Le Maroc à la croisée des chemins : comment l’interdiction crypto s’est effondrée face à la réalité
C’est l’un des paradoxes les plus fascinants du secteur crypto en 2026 : le Maroc maintient officiellement une interdiction stricte des cryptomonnaies depuis 2017, mais accueille tranquillement 6 millions d’utilisateurs crypto. Près de 16% de la population marocaine se connecte régulièrement à des plateformes d’échange, mine du Bitcoin ou trade des altcoins, malgré les avertissements des autorités monétaires.
Comment une interdiction peut-elle coexister avec une adoption massive ? Et surtout, qu’est-ce que cela signifie pour l’avenir de la régulation crypto au Maroc et dans toute l’Afrique du Nord ? C’est ce que nous allons décortiquer ensemble.
L’interdiction de 2017 : une décision devenue obsolète
Revenons brièvement en arrière.
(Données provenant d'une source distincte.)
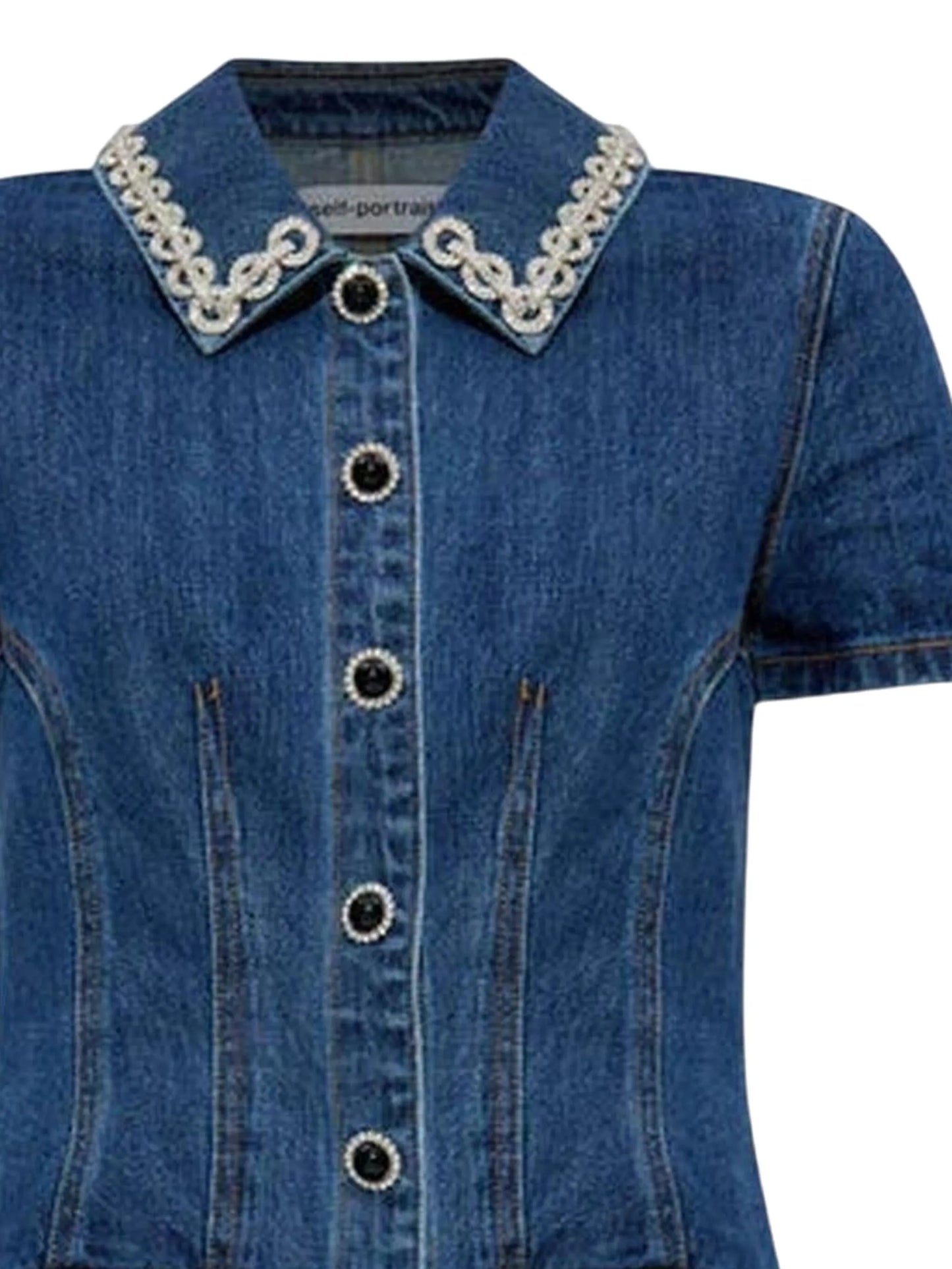 crystal-trimmed pocketed dress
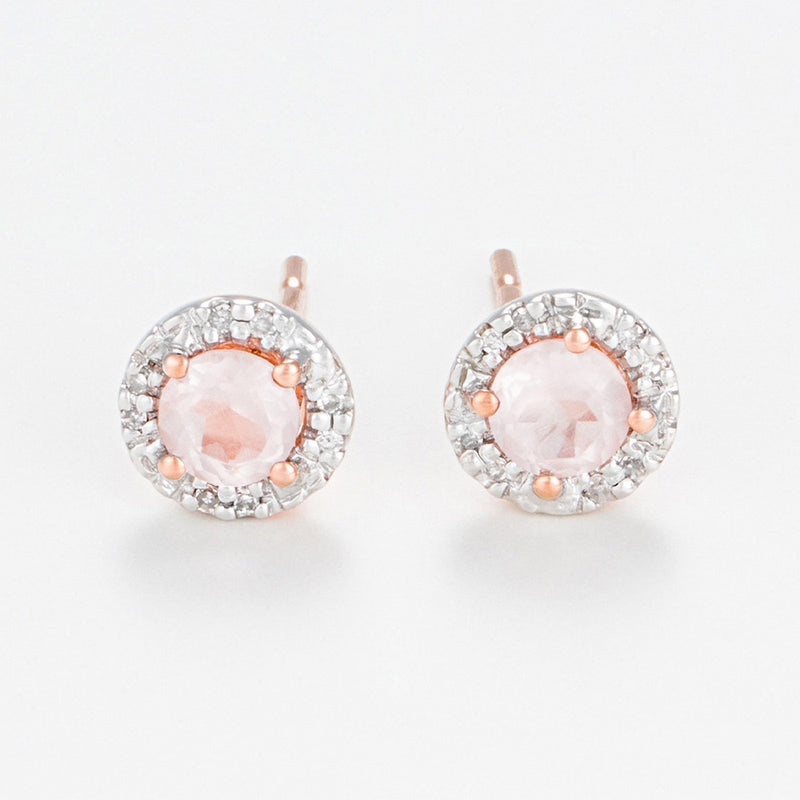 Boucles D'Oreilles "Popi" Diamants 0,05Ct/16 Quartz Rose:0,46Ct/2 - Or Rose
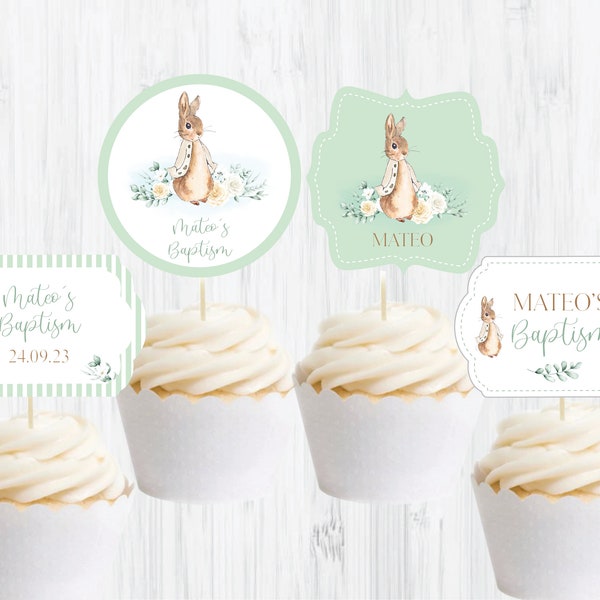 Peter Rabbit baptism cupcakes topper - Peter Rabbit christening toppers- Watercolor neutral  Digital Color Template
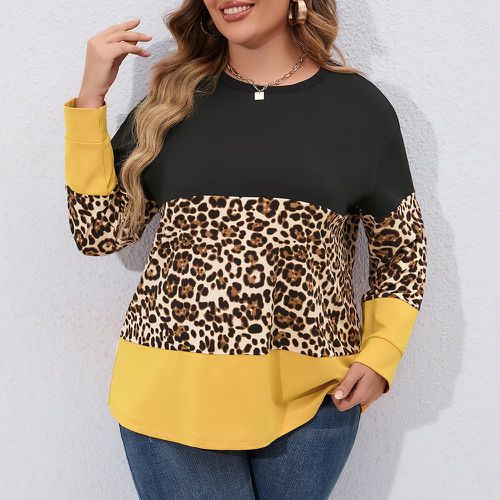 Sweat-shirt léopard à blocs de couleurs - SHEIN - Modalova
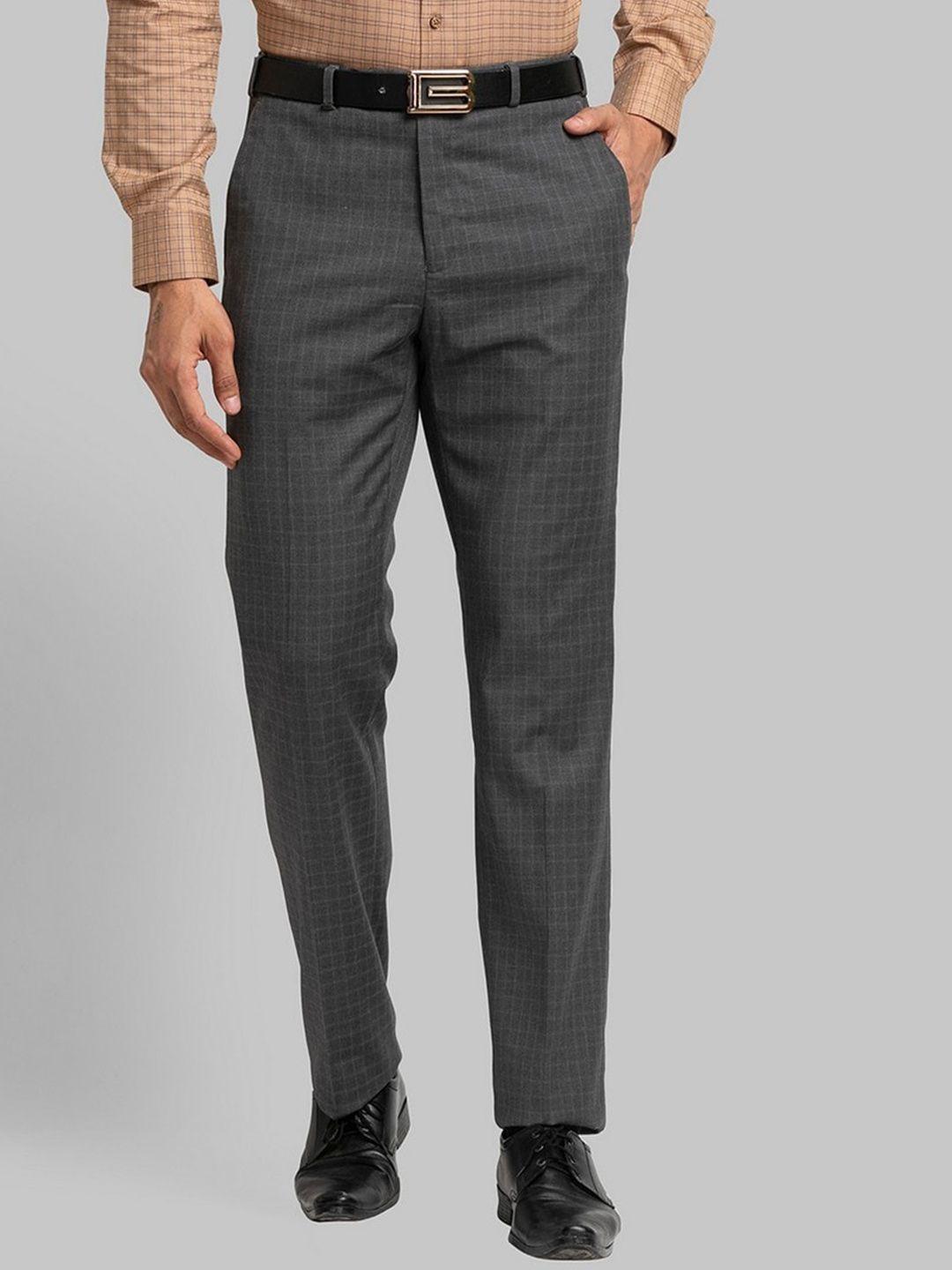 raymond men grey checked regular-fit formal trousers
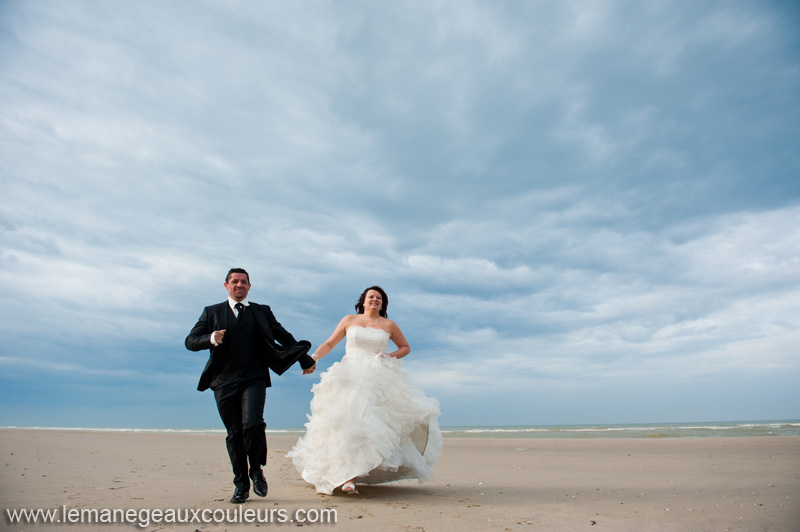 séance photo mariés sur la plage le touquet nord pas de calais
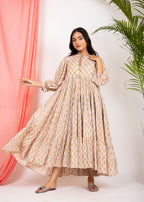 Hand Block Printed Rose Maxi ~Coral Peach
En 2017, l’Office of the Change (Bureau de Change marocain) et Bank Al-Maghrib ont émis un avertissement clair : les cryptomonnaies représentaient un risque systémique pour la stabilité financière du royaume. À l’époque, c’était une position partagée par de nombreuses banques centrales mondiales, paniquées par la volatilité extrême du Bitcoin.
Mais voilà le problème avec les interdictions pures et dures : elles supposent un contrôle centralisé qui n’existe simplement pas avec la technologie blockchain. Le Maroc, comme la plupart des pays en développement, n’avait aucun moyen d’empêcher ses citoyens d’accéder à des plateformes internationales. VPN, P2P, échanges peer-to-peer… les contournements sont légion.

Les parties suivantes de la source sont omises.